### Recorded information

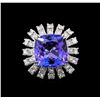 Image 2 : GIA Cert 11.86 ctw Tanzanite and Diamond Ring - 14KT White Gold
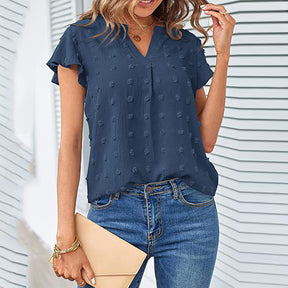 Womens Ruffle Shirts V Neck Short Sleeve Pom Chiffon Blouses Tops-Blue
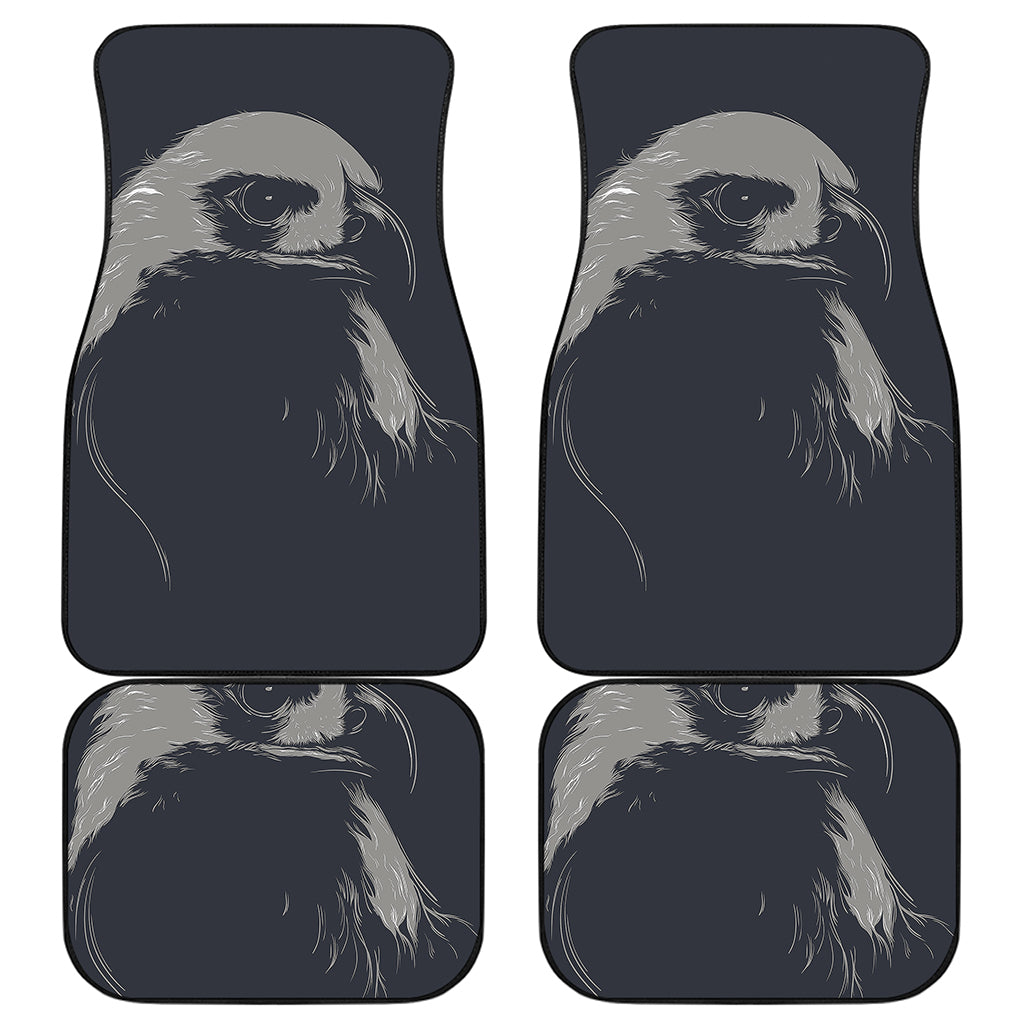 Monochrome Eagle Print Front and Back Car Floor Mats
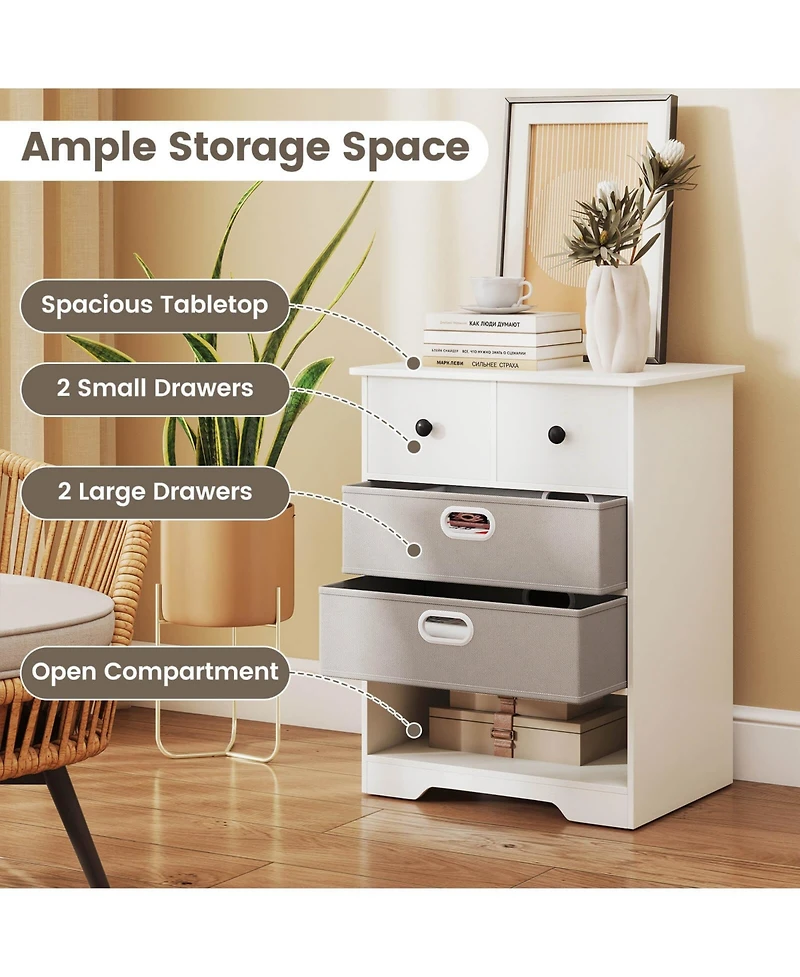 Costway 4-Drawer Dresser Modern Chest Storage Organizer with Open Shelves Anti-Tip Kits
==
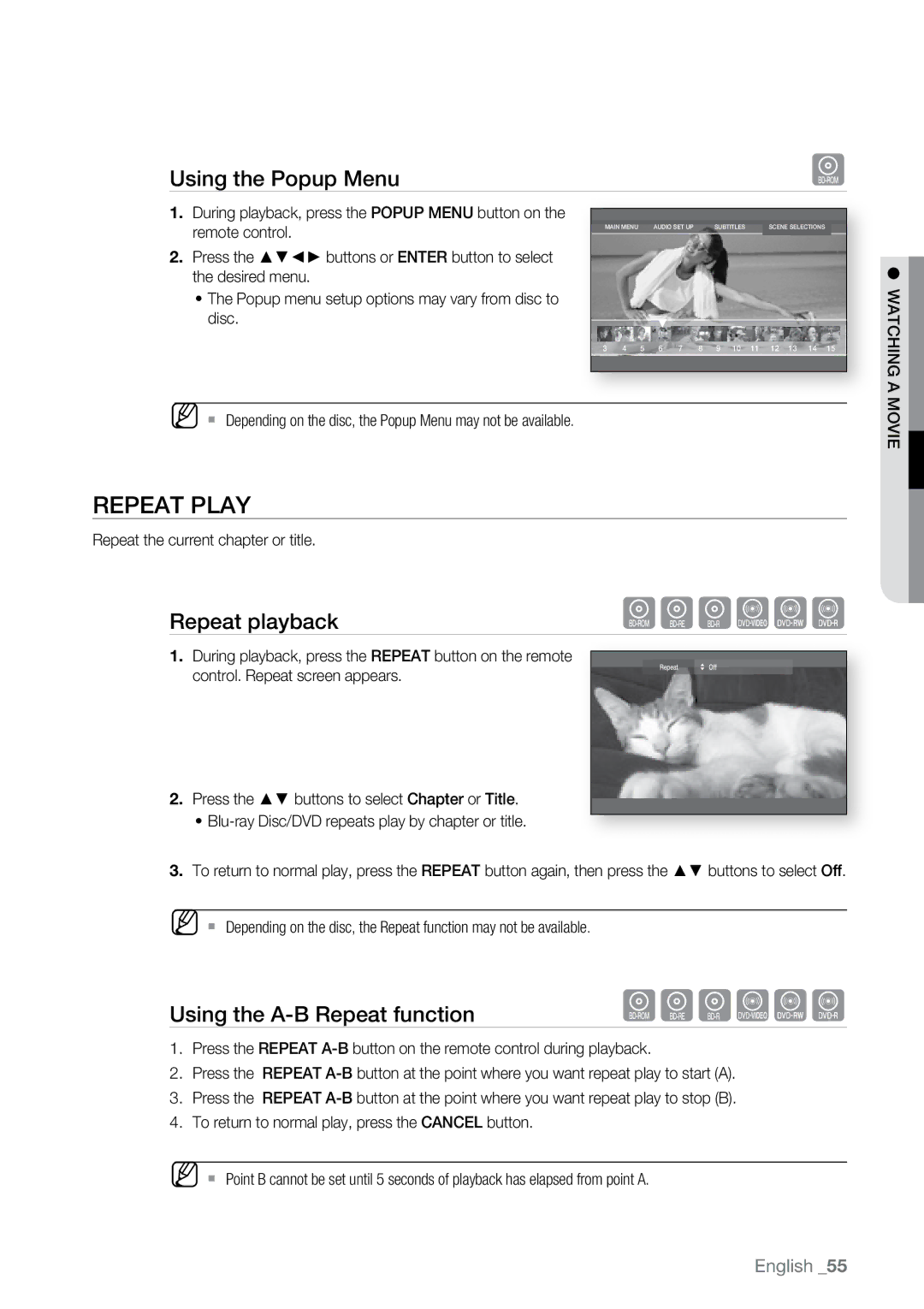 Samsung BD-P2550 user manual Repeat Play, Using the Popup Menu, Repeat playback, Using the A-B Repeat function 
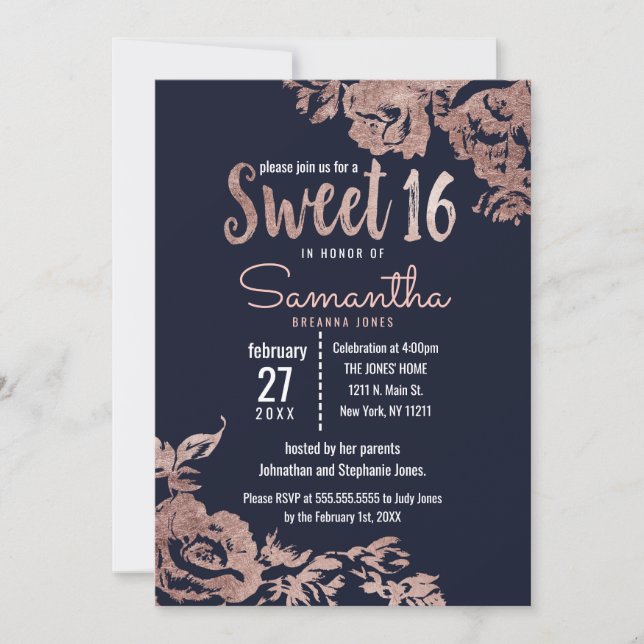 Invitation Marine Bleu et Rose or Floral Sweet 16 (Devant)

### Task to carry out
Go back to the listing above and reproduce, exactly, the stretch from the line bearing "Monochrome Eagle Print" through the line bearing "Costway 4-Drawer Dresser", without its pictures.

### Response to this task
 Monochrome Eagle Print Front and Back Car Floor Mats
 Costway 4-Drawer Dresser Modern Chest Storage Organizer with Open Shelves Anti-Tip Kits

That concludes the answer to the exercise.